■ **PROBLEM REQUIREMENTS**
From the listing below, set down exactly the lines between the one holding "Armytek NEU, Stirnlampe" and the one holding "Strapless Beige Satin", inclusive. No other line is wanted.

■ **GIVEN DATA**
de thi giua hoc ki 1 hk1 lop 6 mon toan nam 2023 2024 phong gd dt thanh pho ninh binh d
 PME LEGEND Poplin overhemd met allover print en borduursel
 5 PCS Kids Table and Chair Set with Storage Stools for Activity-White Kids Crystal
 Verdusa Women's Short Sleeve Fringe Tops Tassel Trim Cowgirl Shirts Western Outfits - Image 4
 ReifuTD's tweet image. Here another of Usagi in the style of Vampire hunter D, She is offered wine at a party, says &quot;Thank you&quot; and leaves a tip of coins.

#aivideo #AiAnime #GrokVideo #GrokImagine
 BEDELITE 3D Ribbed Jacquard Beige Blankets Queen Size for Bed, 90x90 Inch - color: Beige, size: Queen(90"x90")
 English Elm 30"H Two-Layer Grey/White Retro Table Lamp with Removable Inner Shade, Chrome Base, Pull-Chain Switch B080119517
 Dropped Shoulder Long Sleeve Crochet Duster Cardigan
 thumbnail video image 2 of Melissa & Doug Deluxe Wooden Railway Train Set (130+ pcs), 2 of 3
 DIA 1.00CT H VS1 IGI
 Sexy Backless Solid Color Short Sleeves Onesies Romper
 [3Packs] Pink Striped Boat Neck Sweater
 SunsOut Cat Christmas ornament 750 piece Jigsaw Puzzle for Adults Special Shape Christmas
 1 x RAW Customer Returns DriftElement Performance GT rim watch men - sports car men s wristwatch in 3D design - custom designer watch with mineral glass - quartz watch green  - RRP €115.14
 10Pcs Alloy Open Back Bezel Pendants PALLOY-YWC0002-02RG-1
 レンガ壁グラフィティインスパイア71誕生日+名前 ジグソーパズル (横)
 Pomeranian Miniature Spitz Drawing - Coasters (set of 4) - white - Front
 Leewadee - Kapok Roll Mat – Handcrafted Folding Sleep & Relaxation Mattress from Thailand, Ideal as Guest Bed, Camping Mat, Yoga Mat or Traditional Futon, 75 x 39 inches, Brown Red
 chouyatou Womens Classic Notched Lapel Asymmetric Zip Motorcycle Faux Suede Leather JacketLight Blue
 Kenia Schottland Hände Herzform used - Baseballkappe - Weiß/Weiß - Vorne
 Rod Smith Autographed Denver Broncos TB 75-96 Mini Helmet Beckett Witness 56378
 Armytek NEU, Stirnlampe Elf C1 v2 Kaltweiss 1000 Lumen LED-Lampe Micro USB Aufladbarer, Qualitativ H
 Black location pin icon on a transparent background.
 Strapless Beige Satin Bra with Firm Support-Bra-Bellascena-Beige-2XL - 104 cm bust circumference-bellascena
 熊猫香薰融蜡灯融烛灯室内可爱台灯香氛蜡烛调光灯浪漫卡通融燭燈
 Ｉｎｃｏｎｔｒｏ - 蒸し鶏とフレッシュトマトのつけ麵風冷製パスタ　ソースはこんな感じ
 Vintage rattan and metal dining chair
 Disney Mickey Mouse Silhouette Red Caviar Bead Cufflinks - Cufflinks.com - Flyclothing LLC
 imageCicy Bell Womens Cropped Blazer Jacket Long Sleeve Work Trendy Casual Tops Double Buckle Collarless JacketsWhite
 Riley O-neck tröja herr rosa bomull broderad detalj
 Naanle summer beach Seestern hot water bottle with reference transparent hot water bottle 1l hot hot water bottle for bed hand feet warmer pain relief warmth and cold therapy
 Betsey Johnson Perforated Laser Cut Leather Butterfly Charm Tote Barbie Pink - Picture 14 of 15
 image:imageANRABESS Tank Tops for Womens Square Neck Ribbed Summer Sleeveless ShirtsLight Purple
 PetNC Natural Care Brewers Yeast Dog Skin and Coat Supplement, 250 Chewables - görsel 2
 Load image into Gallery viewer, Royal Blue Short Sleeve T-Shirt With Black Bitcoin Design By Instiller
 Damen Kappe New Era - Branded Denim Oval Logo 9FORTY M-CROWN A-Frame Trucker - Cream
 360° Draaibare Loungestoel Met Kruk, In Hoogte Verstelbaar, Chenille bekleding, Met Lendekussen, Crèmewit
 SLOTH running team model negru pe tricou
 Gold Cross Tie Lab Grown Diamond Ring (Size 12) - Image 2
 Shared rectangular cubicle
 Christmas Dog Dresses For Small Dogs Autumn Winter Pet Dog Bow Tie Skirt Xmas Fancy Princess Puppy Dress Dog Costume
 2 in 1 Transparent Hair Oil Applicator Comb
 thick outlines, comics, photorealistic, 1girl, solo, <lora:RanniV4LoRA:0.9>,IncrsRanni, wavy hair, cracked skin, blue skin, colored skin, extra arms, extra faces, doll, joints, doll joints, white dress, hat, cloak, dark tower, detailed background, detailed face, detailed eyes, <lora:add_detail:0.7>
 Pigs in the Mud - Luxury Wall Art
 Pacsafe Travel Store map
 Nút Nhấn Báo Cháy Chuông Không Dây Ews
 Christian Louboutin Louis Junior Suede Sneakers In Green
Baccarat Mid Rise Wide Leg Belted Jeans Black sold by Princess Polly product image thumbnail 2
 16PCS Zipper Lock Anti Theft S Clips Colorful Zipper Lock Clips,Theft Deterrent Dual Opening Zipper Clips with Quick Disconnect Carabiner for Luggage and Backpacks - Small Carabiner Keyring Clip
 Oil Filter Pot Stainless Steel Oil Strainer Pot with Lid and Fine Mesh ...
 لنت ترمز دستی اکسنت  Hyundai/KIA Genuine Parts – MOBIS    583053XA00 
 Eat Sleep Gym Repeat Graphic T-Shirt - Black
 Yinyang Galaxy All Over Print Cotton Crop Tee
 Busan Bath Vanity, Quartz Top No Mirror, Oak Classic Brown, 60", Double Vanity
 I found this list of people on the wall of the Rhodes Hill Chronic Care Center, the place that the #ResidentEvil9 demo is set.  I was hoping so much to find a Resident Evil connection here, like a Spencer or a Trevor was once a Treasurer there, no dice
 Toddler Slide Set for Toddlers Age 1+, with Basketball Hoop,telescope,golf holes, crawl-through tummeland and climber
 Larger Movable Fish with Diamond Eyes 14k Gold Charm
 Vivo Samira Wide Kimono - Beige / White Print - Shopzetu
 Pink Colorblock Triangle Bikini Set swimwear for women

■ **RESULT FOR THIS EXERCISE**
 Armytek NEU, Stirnlampe Elf C1 v2 Kaltweiss 1000 Lumen LED-Lampe Micro USB Aufladbarer, Qualitativ H
 Black location pin icon on a transparent background.
 Strapless Beige Satin Bra with Firm Support-Bra-Bellascena-Beige-2XL - 104 cm bust circumference-bellascena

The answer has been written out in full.